Das Ensemble Vocal d’Erguël (EVE) wurde 1974 von Maurice Baumann, dem damaligen Pfarrer von Saint-Imier, gegründet. Baumann blieb bis 1992 Leiter des Ensembles und wurde dann von Philippe Krüttli abgelöst.
Der Chor pflegt ein sehr vielseitiges Repertoire, das von der Renaissance über Barock, Klassik und Romantik bis zu zeitgenössischen Werken reicht.
Das für seine hohe Qualität anerkannte Ensemble wurde 2000 mit der «Fibule d'Alaric» ausgezeichnet, für seinen Beitrag zum kulturellen Leben in der Region. 2008 erhielt EVE einen Anerkennungspreis der kantonalen Berner Musikkommission, welcher zum ersten Mal überhaupt im Bereich Chormusik vergeben wurde.

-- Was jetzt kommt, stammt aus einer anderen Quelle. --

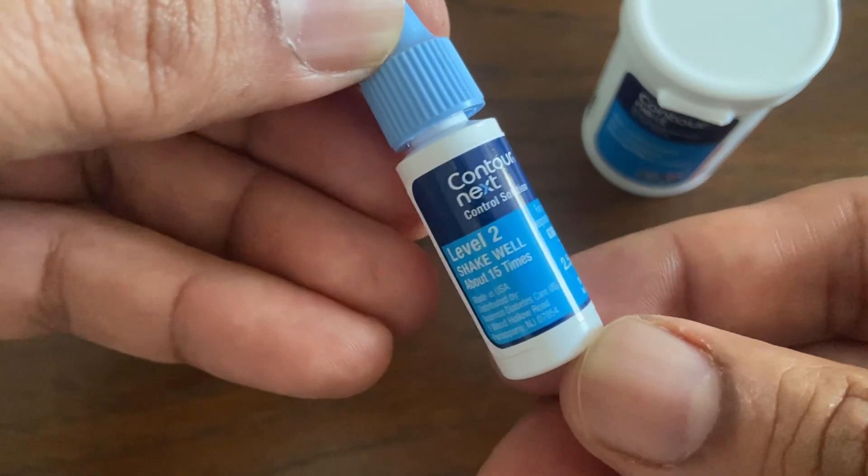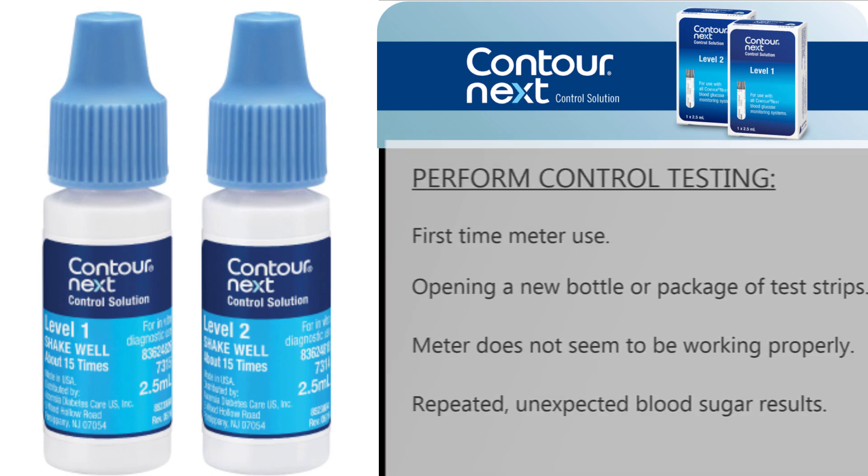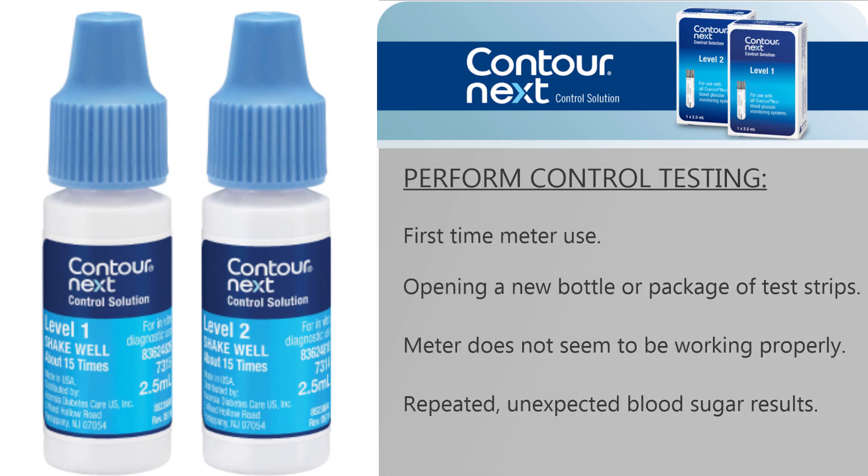This video shows the steps to use the control solution with the Contournext 1 blood glucose meter. Perform a control test when using the meter the first time, when opening a new bottle of test strips, or if the meter does not seem to be working properly.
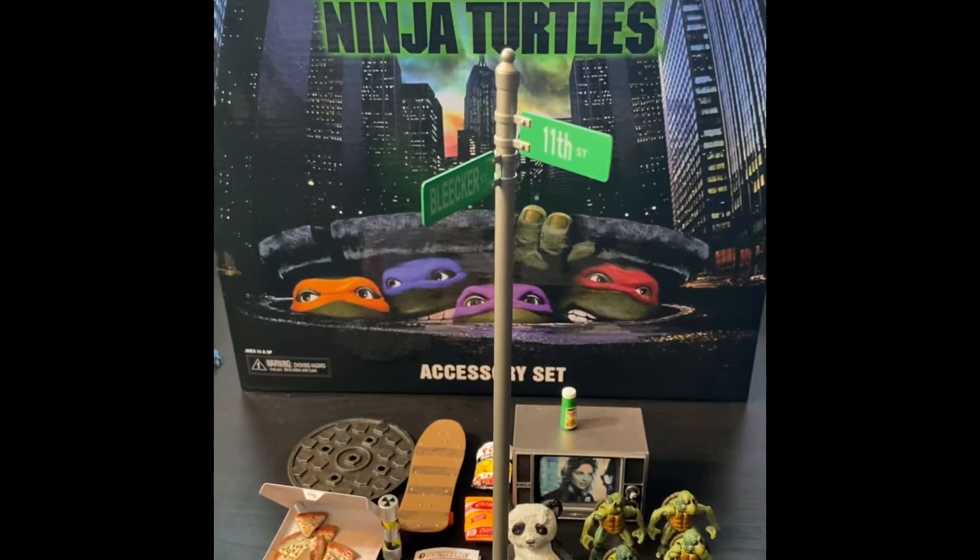Hey guys, what's going on - Jay West here. This is my first review of the Ninja Turtles accessories set from NECA, so let's check out this box.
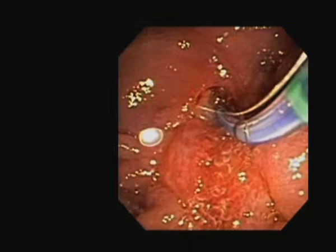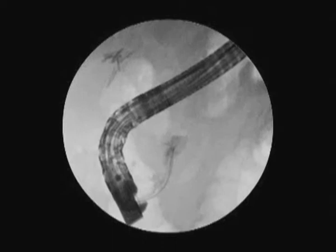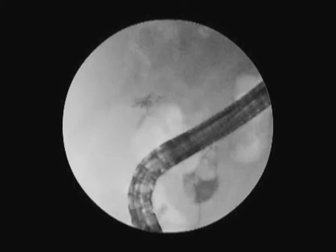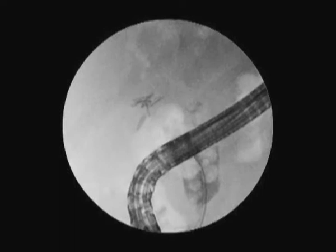It looks like it may need to be enlarged a little bit. Let's inject. So you can see here, this is a very dilated common bile duct. You can see some smaller stones distally, and then just below the scope, we can see that there appears to be a fairly large stone here that's obstructing the distal duct.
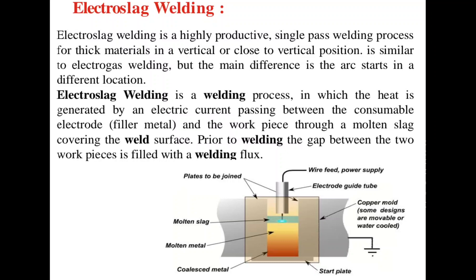This is essentially a single-pass process using consumable electrodes for filling the gap between two heavy plates. It is a process in which heat is generated by an electric current passing between the consumable electrode — that is, filler metal — and the workpiece, through the molten slag covering the weld surface.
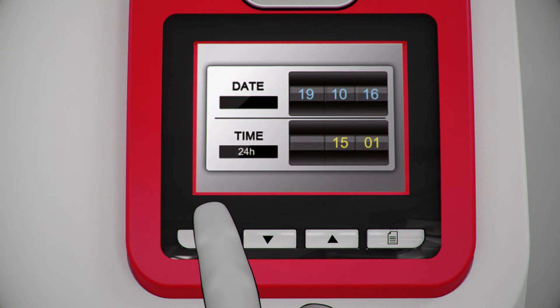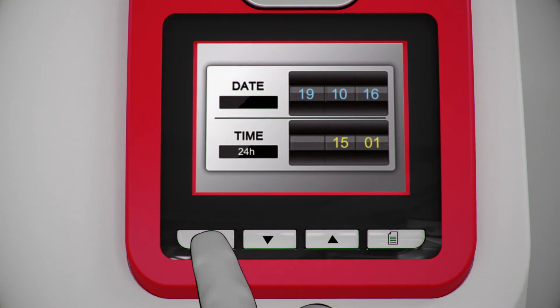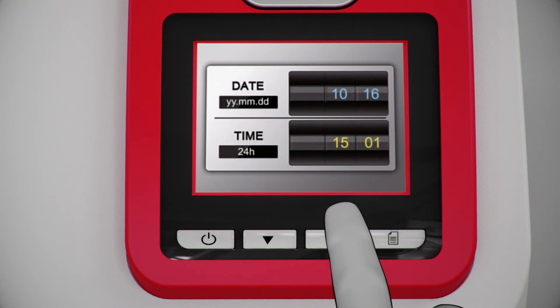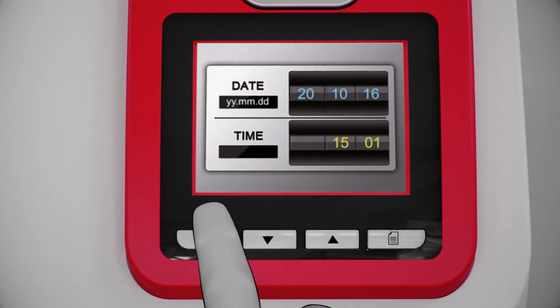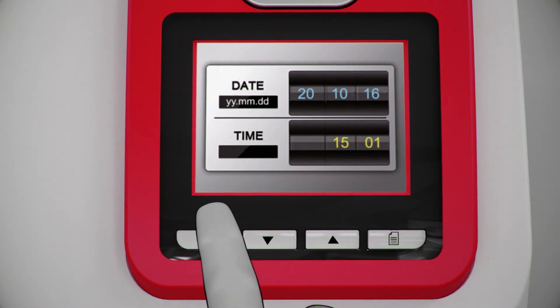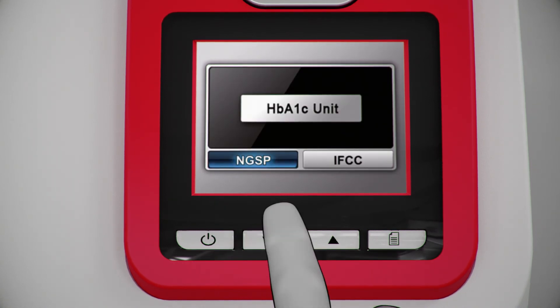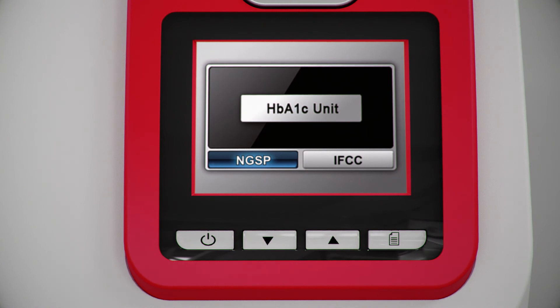Select date format by pressing the arrow keys and press mode to select format. Set the date by using the arrow keys. Select time format by using the arrow keys and choose 12 hour or 24 hour by pressing mode. Select unit for test result by using the arrow keys, then press the mode button to select unit.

Das EVE hat zahlreiche Konzerte sowie acht Aufnahmen vorzuweisen, darunter:
2001 Aufnahme des Requiems von Duruflé für die deutsche Plattenfirma Amphion in Zusammenarbeit mit dem Organisten Martin Kasparek
2002 Aufführung der Messe in c-Moll von Mozart zusammen mit dem Sinfonie Orchester Biel zum zehnjährigen Jubiläum des Chorleiters. Die Zusammenarbeit mit dem SOB setzte sich fort: 2003 mit dem Requiem für Mignon von Schumann und der Messe in Es-Dur von Schubert und 2005 mit der Matthäuspassion von Bach.
2004 30-jähriges Jubiläum mit der Messe in h-Moll von Bach in Zusammenarbeit mit dem Capriccio-Barockorchester aus Basel in der Abbatiale de Bellelay
2005 Aufführung der «Sacred Concerts» von Duke Ellington, begleitet von der Dynamic Jazz Band (Aufnahme im Oktober 2006 in La Chaux-de-Fonds)
2006 Aufführung des Requiems von Mozart am Mont-Soleil Open Air Festival
2008 Produktion und Aufführungen des Messiah von Händel mit dem Orchestre Le Moment Baroque in La Chaux-de-Fonds, Moutier und Tramelan
2009 Spezialprogramm zu Ehren Haydns im Frühling und Juni. Teilnahme am Festival «Stand'été» in Moutier mit Les Noces von Strawinsky '
Das Ensemble profiliert sich ebenso mit zeitgenössischer Musik. Am Festival «l'art pour l'Aar» hat es mit der Aufführung von Berner Komponisten teilgenommen und im März 2008 präsentierte es die Uraufführung des Stabat Mater von John Glenesk Mortimer für Chor, Orgel und Geige. Im November 2009 führte es Kompositionen von Claude Rossel, Simon Péguiron und Jacques Henry für Chor, Barockquintett und Jazztrio auf.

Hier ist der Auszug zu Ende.